■ Material provided ■

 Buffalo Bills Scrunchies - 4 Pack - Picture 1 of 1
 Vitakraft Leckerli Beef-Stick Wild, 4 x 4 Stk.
==
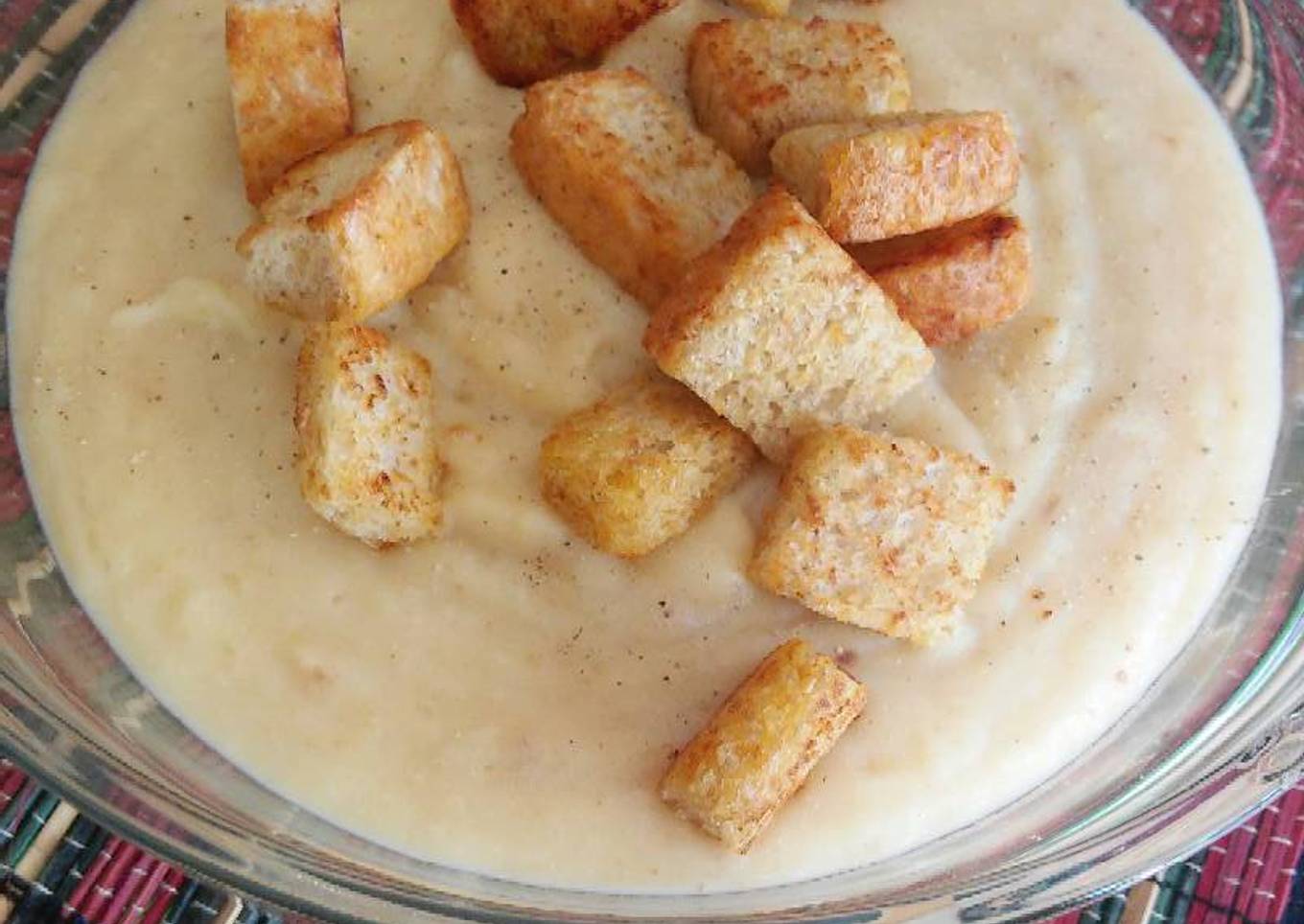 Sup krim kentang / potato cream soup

■ Task details ■
Within the data above, the lines from the one with "Buffalo Bills Scrunchies" to the one with "Vitakraft Leckerli Beef-Stick" must be repeated exactly; no other line belongs in the answer.

■ Reply ■
 Buffalo Bills Scrunchies - 4 Pack - Picture 1 of 1
 Vitakraft Leckerli Beef-Stick Wild, 4 x 4 Stk.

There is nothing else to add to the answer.